Ne pas répéter l’erreur de Hillary Clinton
Il donne l’exemple d’un récent discours qu’elle a prononcé à Pittsburgh, en Pennsylvanie, sans doute l’État pivot le plus important. Selon lui, elle aurait dû faire campagne dans les régions rurales de cet État, où l’électorat ne lui est pas acquis.
David M. Shribman affirme que Kamala Harris commet la même erreur que la candidate démocrate Hillary Clinton, lors de la présidentielle de 2016, qui faisait avant tout campagne dans les grandes villes dans les États pivots.
On connaît la suite: Donald Trump a remporté l’élection avec la minorité du vote populaire, mais la majorité des grands électeurs.
Enfin, les trois spécialistes soulèvent une problématique fondamentale à laquelle la vice-présidente doit s’attaquer aussi en priorité pour espérer gagner la course à la Maison-Blanche.

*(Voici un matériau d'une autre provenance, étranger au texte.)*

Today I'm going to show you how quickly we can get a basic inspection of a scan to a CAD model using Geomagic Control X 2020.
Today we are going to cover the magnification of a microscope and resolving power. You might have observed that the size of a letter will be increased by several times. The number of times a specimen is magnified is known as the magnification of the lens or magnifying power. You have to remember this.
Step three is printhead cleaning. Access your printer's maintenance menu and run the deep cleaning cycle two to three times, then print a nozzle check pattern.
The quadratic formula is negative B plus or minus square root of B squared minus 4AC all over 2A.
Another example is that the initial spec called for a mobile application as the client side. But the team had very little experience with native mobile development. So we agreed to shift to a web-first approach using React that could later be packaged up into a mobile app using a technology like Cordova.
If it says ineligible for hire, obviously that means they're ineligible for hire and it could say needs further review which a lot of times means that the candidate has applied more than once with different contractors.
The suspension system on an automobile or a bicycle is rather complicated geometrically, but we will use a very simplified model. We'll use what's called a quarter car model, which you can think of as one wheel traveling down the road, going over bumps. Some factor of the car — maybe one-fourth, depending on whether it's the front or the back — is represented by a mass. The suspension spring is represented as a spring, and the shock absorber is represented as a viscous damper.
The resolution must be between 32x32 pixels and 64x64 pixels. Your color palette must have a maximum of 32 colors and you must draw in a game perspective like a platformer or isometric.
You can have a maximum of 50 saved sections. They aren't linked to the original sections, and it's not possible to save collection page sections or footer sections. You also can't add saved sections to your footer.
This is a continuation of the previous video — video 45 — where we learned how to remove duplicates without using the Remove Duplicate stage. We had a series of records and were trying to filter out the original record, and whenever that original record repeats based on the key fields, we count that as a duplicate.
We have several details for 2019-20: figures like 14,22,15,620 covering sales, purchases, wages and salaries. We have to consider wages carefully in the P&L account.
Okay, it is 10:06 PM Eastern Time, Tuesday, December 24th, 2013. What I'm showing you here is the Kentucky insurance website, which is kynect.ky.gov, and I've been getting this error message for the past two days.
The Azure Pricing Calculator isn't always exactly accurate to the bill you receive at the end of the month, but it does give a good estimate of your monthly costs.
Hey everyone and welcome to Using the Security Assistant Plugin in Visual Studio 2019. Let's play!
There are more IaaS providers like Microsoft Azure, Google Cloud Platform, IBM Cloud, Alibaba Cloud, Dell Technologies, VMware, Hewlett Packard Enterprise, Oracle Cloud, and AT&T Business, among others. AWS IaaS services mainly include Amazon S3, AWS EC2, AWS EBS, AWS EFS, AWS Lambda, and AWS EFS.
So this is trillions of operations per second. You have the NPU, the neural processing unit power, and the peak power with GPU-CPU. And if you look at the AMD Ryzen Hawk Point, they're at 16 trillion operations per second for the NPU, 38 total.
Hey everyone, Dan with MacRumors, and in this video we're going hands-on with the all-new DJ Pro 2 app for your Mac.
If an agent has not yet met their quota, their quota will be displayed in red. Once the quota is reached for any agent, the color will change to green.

Il s’agit de l’importance du ressentiment chez plusieurs électeurs républicains ruraux à l’égard des démocrates, à commencer par les urbains de la côte est et de la côte ouest du pays, des artistes d’Hollywood et des élites éduquées.
Des électeurs qui se sentent souvent méprisés et ridiculisés par les démocrates.
Aussi, même si Kamala Harris promet par exemple d’aider les ouvriers avec de meilleurs programmes sociaux, cette aide pourrait s’avérer insuffisante pour faire des gains électoraux, selon les spécialistes.
Rebâtir des ponts culturels
Elle doit donc aussi essayer de rétablir des ponts culturels et un respect mutuel – et c’est toute une commande – entre les électeurs urbains et les électeurs ruraux.
Signe d’une cassure entre ces deux Amérique, plusieurs citoyens ne s’informent même plus dans les mêmes médias pour se forger une opinion politique.
Depuis près d’un mois, les démocrates ont le vent dans les voiles depuis que Kamala Harris est la candidate démocrate dans la course à la Maison-Blanche.
La vice-présidente fait gains dans les intentions de vote, aussi bien au niveau national que dans les États pivots.
Cela dit, si elle ne recentre pas davantage sa campagne sur les bonnes cibles, sa montée dans les sondages pourrait se limiter à des gains importants dans les villes, et ce, au détriment des régions et des coins reculés du pays.
Des États pivots pourraient donc lui échapper.
Et, en fin de compte, le bureau ovale de la Maison-Blanche.